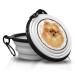 21. German Spitz/Pomeranian - folding portable drinking bowl with carabiners for on the go.Food bowl pet bowl.Handy and unique.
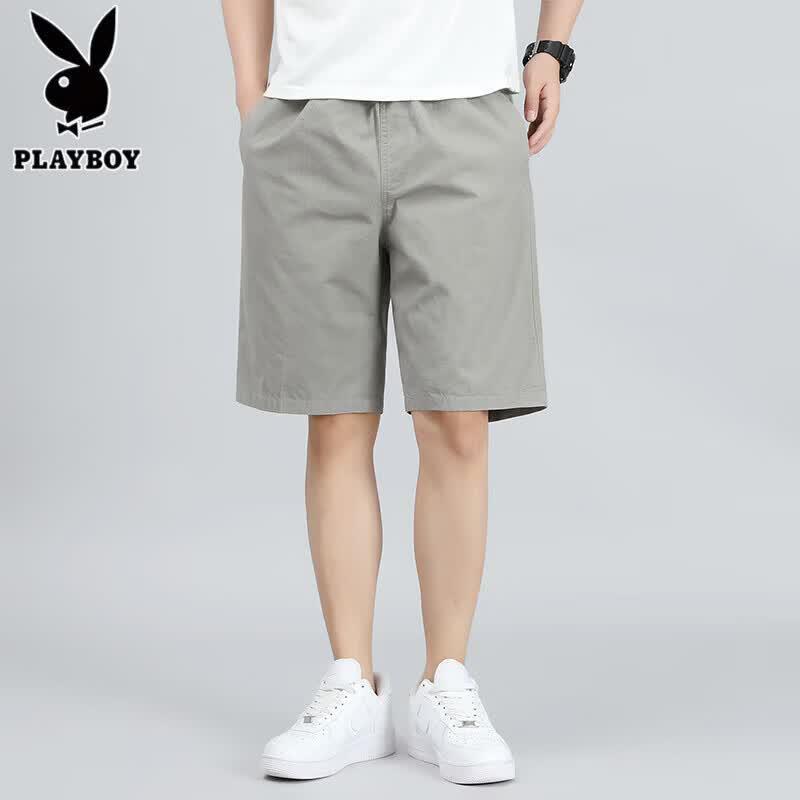 PLAYBOY Men s Summer Cotton Cargo Shorts US 10 хаки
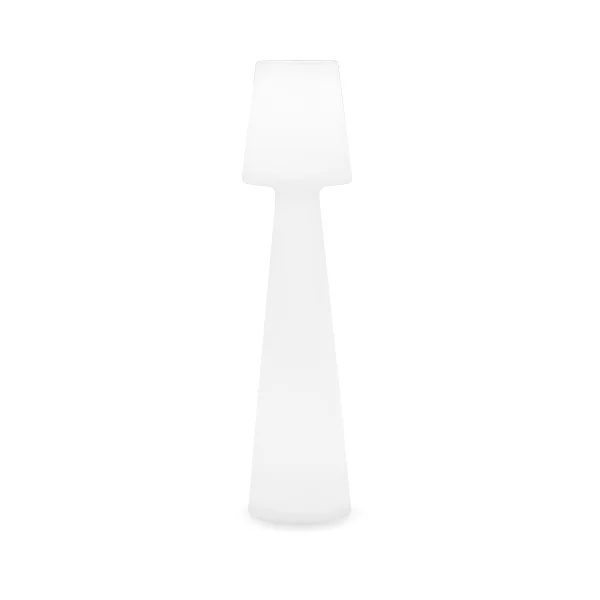 New Garden Lola 110 - lampadaire d'extérieur - Ø 26,5 x 110 cm - 16W LED inclus - IP65 - blanc - couleur de lumière blanc chaud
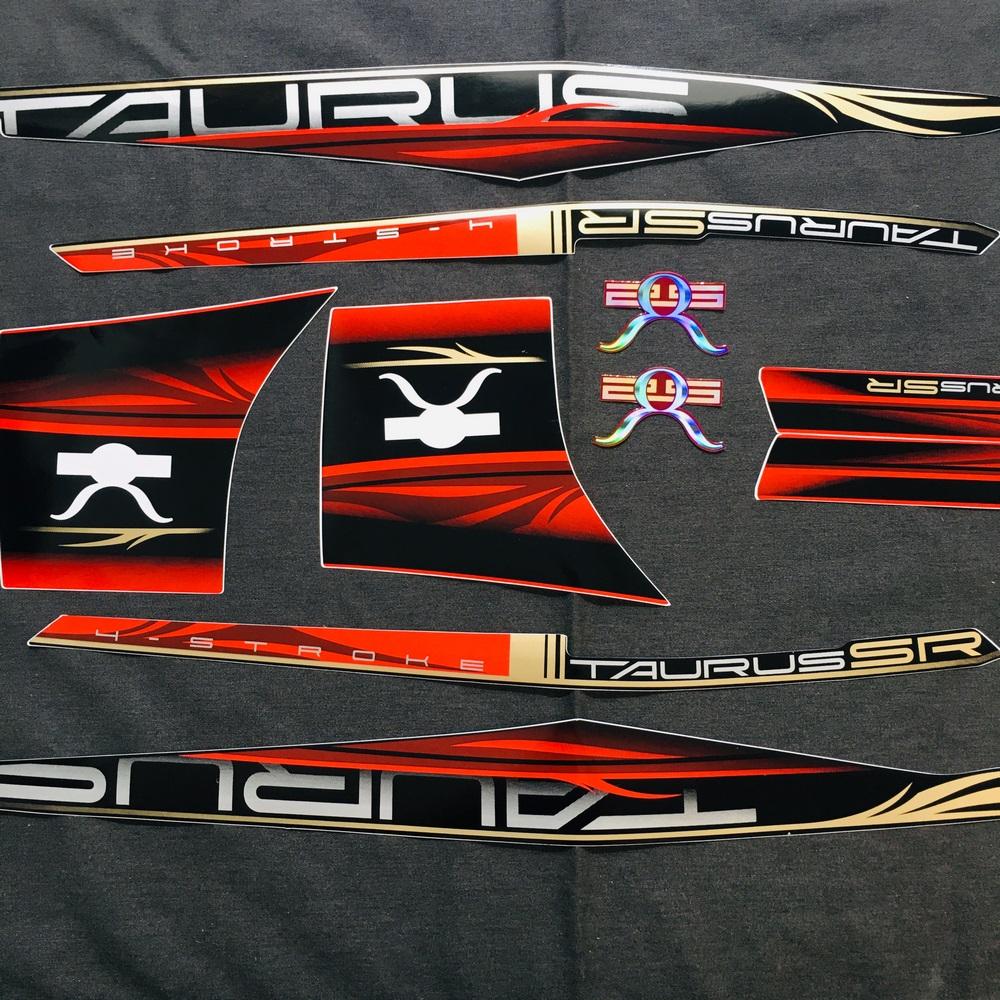 Bộ tem xe 3 lớp cao cấp cho YAMAHA TAURUS SR (MÀU ĐỎ)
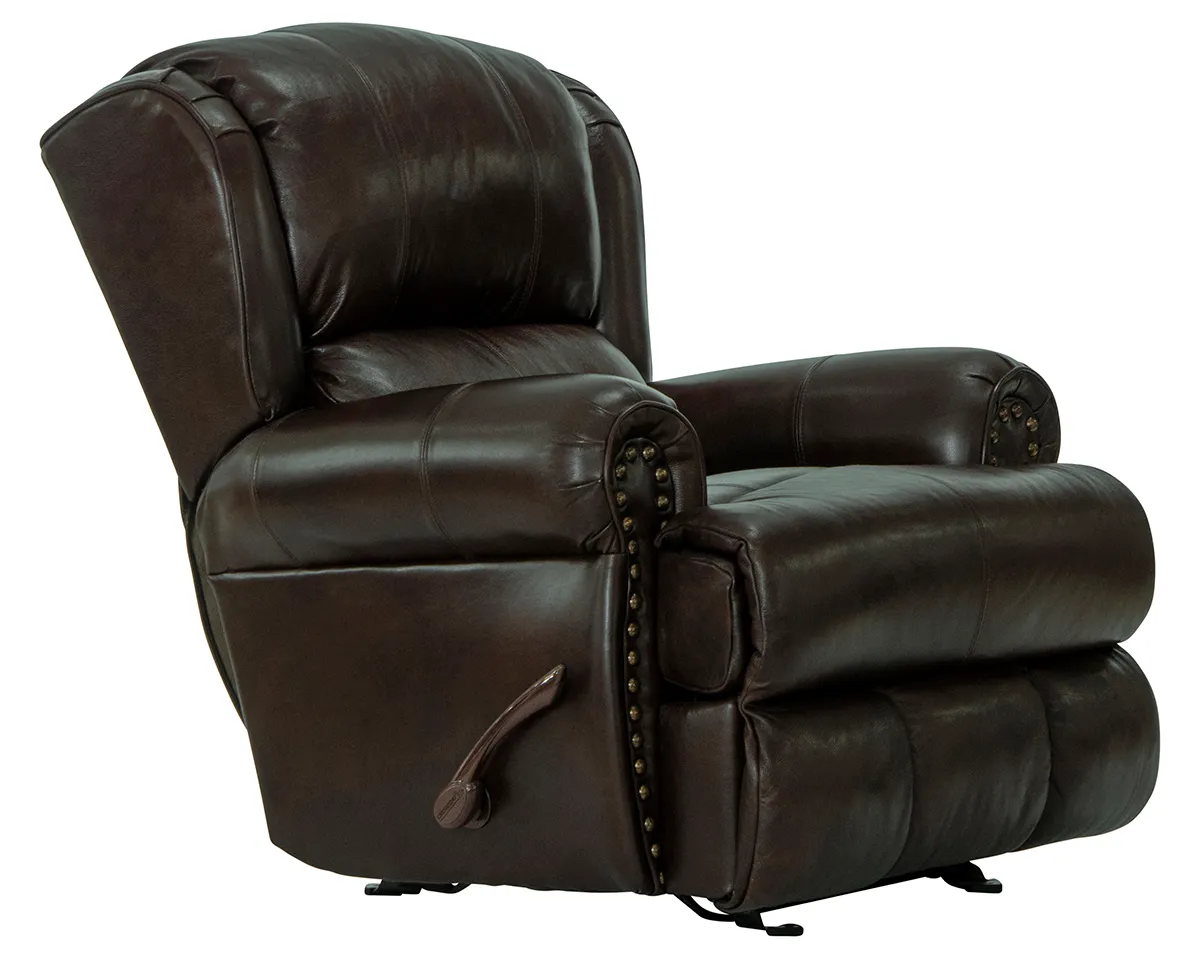 Duncan Leather Recliner Classic Leather Style, Smooth Gliding Comfort (two colors) 1 Duncan Leather Recliner Classic Leather Style, Smooth Gliding Comfort (two colors)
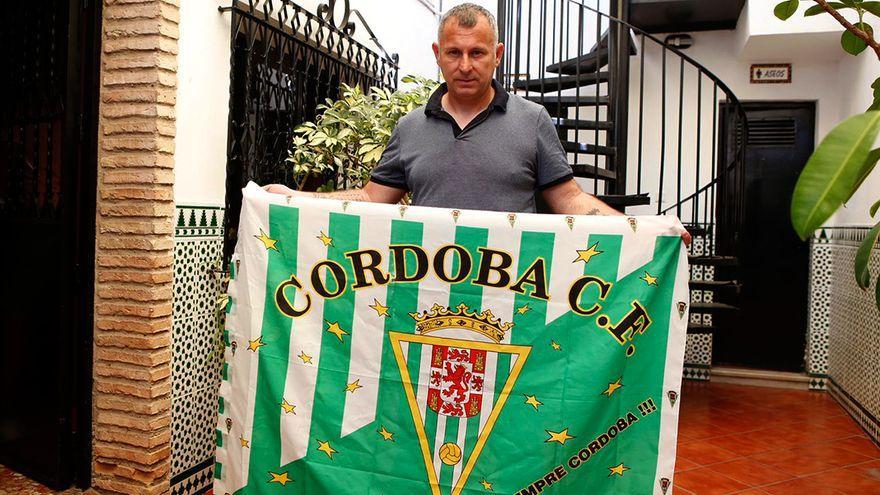 Javi Moreno, en un acto con la Peña Cordobesista de Cañero, hace unos meses.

- EXERCISE
Exact reproduction of the entries above is what's needed; images stay out.

- ANSWER TO THIS TASK
 21. German Spitz/Pomeranian - folding portable drinking bowl with carabiners for on the go.Food bowl pet bowl.Handy and unique.
 PLAYBOY Men s Summer Cotton Cargo Shorts US 10 хаки
 New Garden Lola 110 - lampadaire d'extérieur - Ø 26,5 x 110 cm - 16W LED inclus - IP65 - blanc - couleur de lumière blanc chaud
 Bộ tem xe 3 lớp cao cấp cho YAMAHA TAURUS SR (MÀU ĐỎ)
 Duncan Leather Recliner Classic Leather Style, Smooth Gliding Comfort (two colors) 1 Duncan Leather Recliner Classic Leather Style, Smooth Gliding Comfort (two colors)
 Javi Moreno, en un acto con la Peña Cordobesista de Cañero, hace unos meses.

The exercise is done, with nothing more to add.